• [Data for this task]:
- - -

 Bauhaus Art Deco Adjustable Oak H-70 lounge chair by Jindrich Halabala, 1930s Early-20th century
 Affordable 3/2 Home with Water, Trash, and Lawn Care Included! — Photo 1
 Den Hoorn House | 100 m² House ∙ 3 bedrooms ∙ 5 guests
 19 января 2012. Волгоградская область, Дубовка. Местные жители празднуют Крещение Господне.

- - -

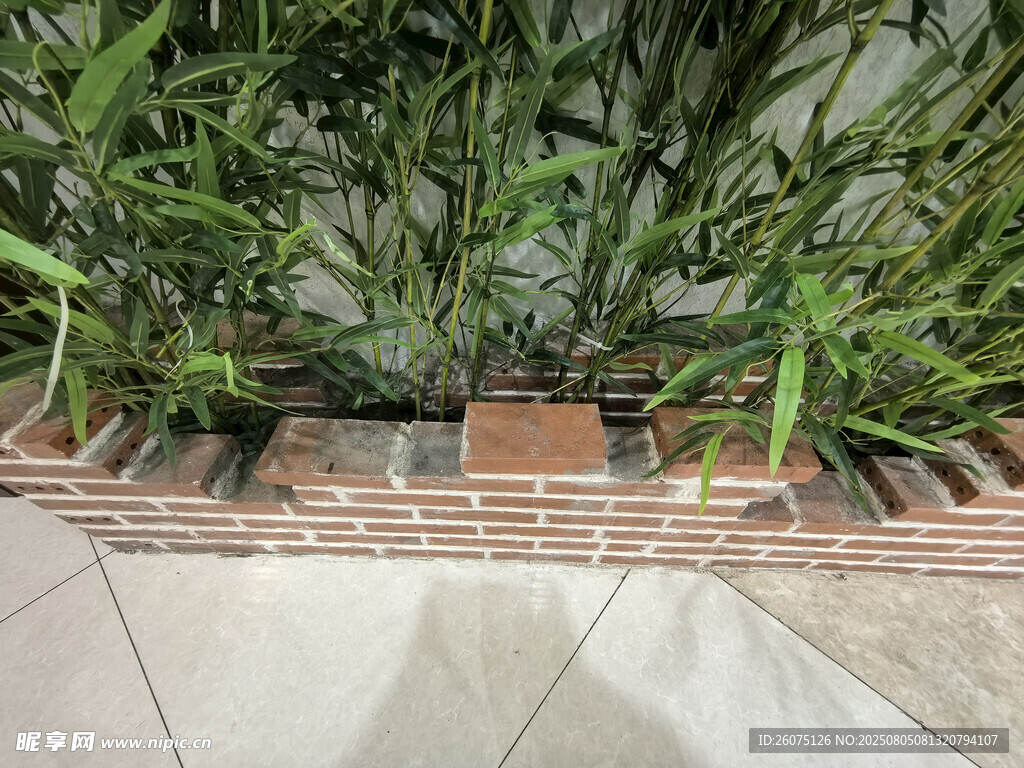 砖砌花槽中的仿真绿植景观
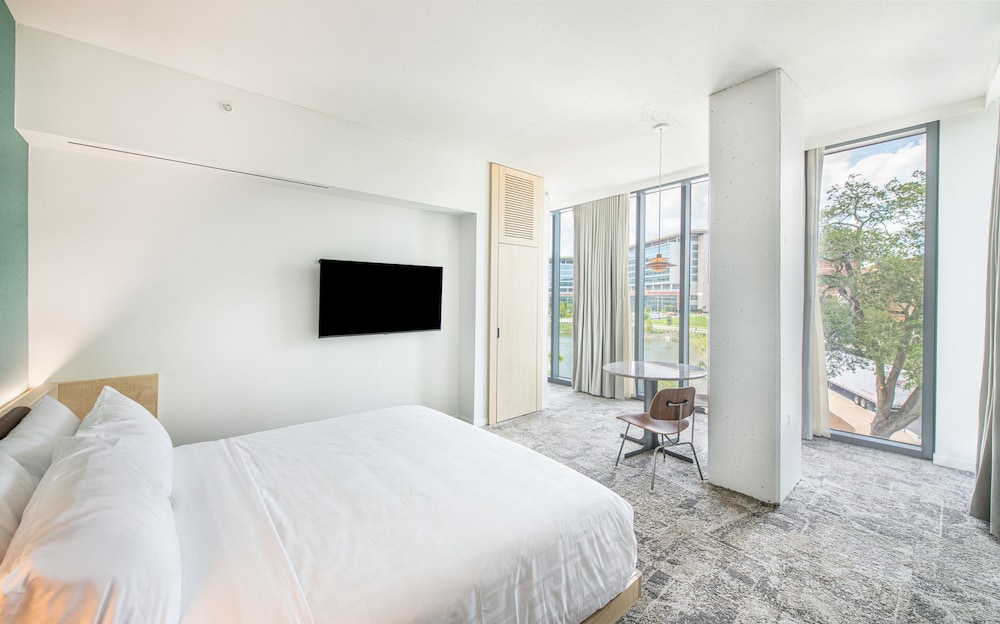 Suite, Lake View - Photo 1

- - -

• [Your assignment]: Repeat, exactly as they stand above, the lines from the line with "Bauhaus Art Deco" to the line with "19 января 2012.", both lines included.

• [Task response]:
 Bauhaus Art Deco Adjustable Oak H-70 lounge chair by Jindrich Halabala, 1930s Early-20th century
 Affordable 3/2 Home with Water, Trash, and Lawn Care Included! — Photo 1
 Den Hoorn House | 100 m² House ∙ 3 bedrooms ∙ 5 guests
 19 января 2012. Волгоградская область, Дубовка. Местные жители празднуют Крещение Господне.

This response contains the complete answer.